German airline Lufthansa on Friday signed a deal for the purchase of loss-making Austrian Airlines, a move that will make it Europe’s biggest airline as the sector struggles with the economic downturn.
In a first step, Lufthansa agreed to buy Austrian state holding company OeIAG’s 42% stake in Austrian Airlines (AUA) but plans to take it over completely for up to €377 million ($482 million) once Brussels approves the tie-up.
Airlines are in upheaval around the world, battling wild swings in fuel prices and falling demand as a global recession looms. Lufthansa is vying with Air France KLM and British Airways to emerge as European industry leader. “We are creating a European airline alliance for the long term and helping make sure Europe’s interests are catered to,” Lufthansa Chief Executive Wolfgang Mayrhuber told a news conference after the signing in OeIAG’s Vienna headquarters. “We need to find solutions for the fragmented European market,” Mayrhuber said.
Mayrhuber said he considered the risk of the European Commission blocking the deal to be “close to zero.” He said Lufthansa did not now plan to cut jobs at AUA, but expected to raise cost savings of about €40 million and additional revenues of €40 million a year.
AUA adds to a string of regional airlines the German carrier is buying: Brussels Airlines, Britain’s bmi, and its German partner Eurowings. It is also competing with Air France for an alliance with Alitalia. BA this week revealed it is in talks with Australia’s Qantas after earlier this year starting talks with Spain’s Iberia, which are still ongoing. Ryanair is trying to buy Irish flag carrier Aer Lingus.
November traffic numbers published on Friday confirmed the bleak state of the industry. Scandinavian airline SAS reported a 13% drop of revenue passenger kilometers, while Aer Lingus traffic sagged by 9%. Airline industry body IATA has warned commercial aviation could lose more than $5 billion this year.

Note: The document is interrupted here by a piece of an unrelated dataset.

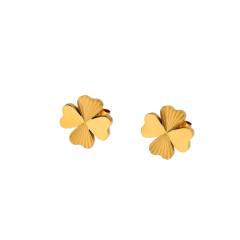 Stainless steel peach heart lucky four-leaf clover necklace bracelet earrings suit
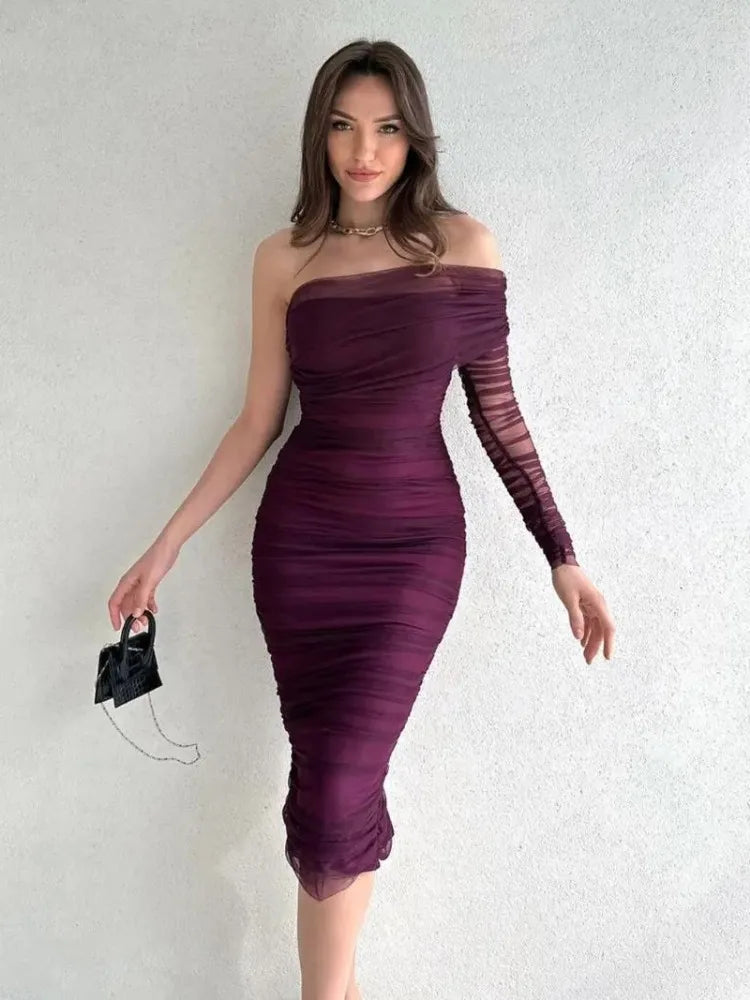 See Through Mesh Midi Dresses For Women Fold Sexy Slim Cocktail Dress Woman Wedding Bodycon Off Shoulder Dress Women's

The Austrian government had to accept only a nominal price for its AUA stake -- it may get more if AUA meets future earnings targets -- and had to assume €500 million of AUA’s debt to make the deal happen. Credit rating agencies Standard & Poor’s and Moody’s both cut the outlook for Lufthansa’s credit rating on Friday, partly because the AUA deal increases Lufthansa’s leverage. Both noted, however, that the deal was attractive for Lufthansa.
AUA shares continued to rise, trading up 3% at €3.82 by 1508 GMT on Friday, still short of the €4.44 takeover bid Lufthansa has promised. Lufthansa traded 2% lower at €10.15. (Reuters)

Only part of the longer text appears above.